2017-12-02 Thread Chris Burton
For better or worse I do remember those days, though I was referring to 
recent hardware switches/bridges (should have clarified that).  To my 
knowledge that only applies to things like the STP protocols, but I 
could be wrong, again would need to read through the specifications 
again to be sure as that is not a use case I have needed thus far.

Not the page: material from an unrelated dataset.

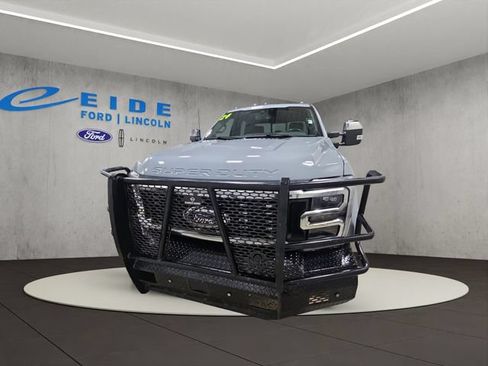 Used 2024 Ford F450 Platinum w/ FX4 Off-Road Package AWD/4WD image 3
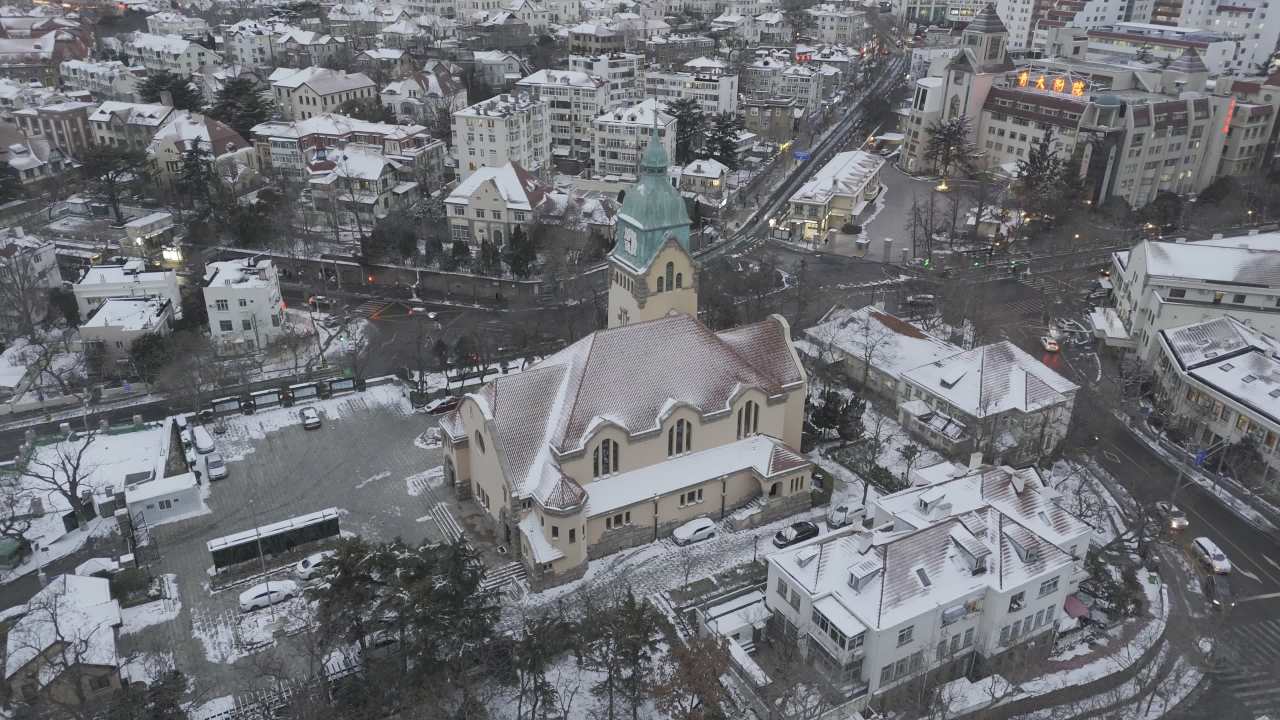青岛老城区信号山海边雪景航拍 11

Scaling the vMX for testing/lab/PoC deployments can be challenging, but 
I have been able to get large topologies off of a single older model 
dual Xeon E5-2670 server using logical systems, total of seven vMX 
instances and 84 routers using the aforementioned logical systems, at 
that point I run into thermal limits because of the VFP CPU usage (even 
in lite-mode, which only appears to be related to the number of 
interfaces rather than the packet processing, which seems to be the same 
in lite and performance modes hence the CPU usage).  Some months back I 
tried to see how large of a topology I could build with five servers I 
had access to, I was able to get to seven vMX instances per server with 
12 logical systems per vMX instance which gave me a 420 router topology 
using the trial license, so you can scale a lab/PoC setup quite nicely.  
Only downside to using logical systems is they do not support everything 
that a non-LS would support, the biggest missing feature in my case 
being EVPN.


Another item I have been testing is the vQFX which has much less CPU 
demand since the interfaces are bound to the VCP instead of the VFP, but 
I have run into many other issues with that and have not tested it as 
thoroughly, it is also just a alpha/beta release from Juniper at the moment.


-C


On 12/02/2017 03:40 AM, adamv0...@netconsultings.com wrote:

Hey,


local link and not forwarded by the soft bridge by default (I do not know of
any hardware bridges that allow you to disabled this restriction, if you know
of any I would be interested.


My understanding is that Carrier-Ethernet grade switches/routers should allow 
you to peer/drop/tunnel/forward L2 protocols.
If you're in be business long enough you may remember migrations from 
leased-lines to frame-relay and then from FR to MPLS and then from L3VPNs to 
L2VPNs to complete the circle.
These L2 services especially the point-to-point ones, that's where customers 
pretty much expect the same properties as they used to have in leased-lines or 
FR services, basically just a pipe where MTU is not an issue and can transport 
anything from L2 up so they can run their own MPLS/DC networks over these pipes.
 

Out of curiosity what is your use case that you need to use LACP to
communicate with VMs?


Large scale ISP network simulations (for proof of concept testing of various 
designs/migrations/etc).
This allows me to verify my designs, how the technology works on selected code 
versions -if there are any bugs, interworking between vendors.
And there are the provisioning and network monitoring systems, new SDN 
approaches that can be tested in this virtual environment, you name it.
Since it's all virtual one can simulate complete networks rather than scaled 
down slices used in physical labs, so I can see the effects of topology-based 
route-reflection in terms of routes distribution, the effects of node or link 
failures on traffic-engineering and possible congestion as a result across the 
whole backbone all in 1:1 scale, but the important point is to make the 
simulated control-plane as close to reality as possible hence the need for LACP.
  
Speaking of scale, the fact that the VFP is always at 100% CPU is not helping -reminds me of the good old Dynamips -but at least there you could fix it with an idle value.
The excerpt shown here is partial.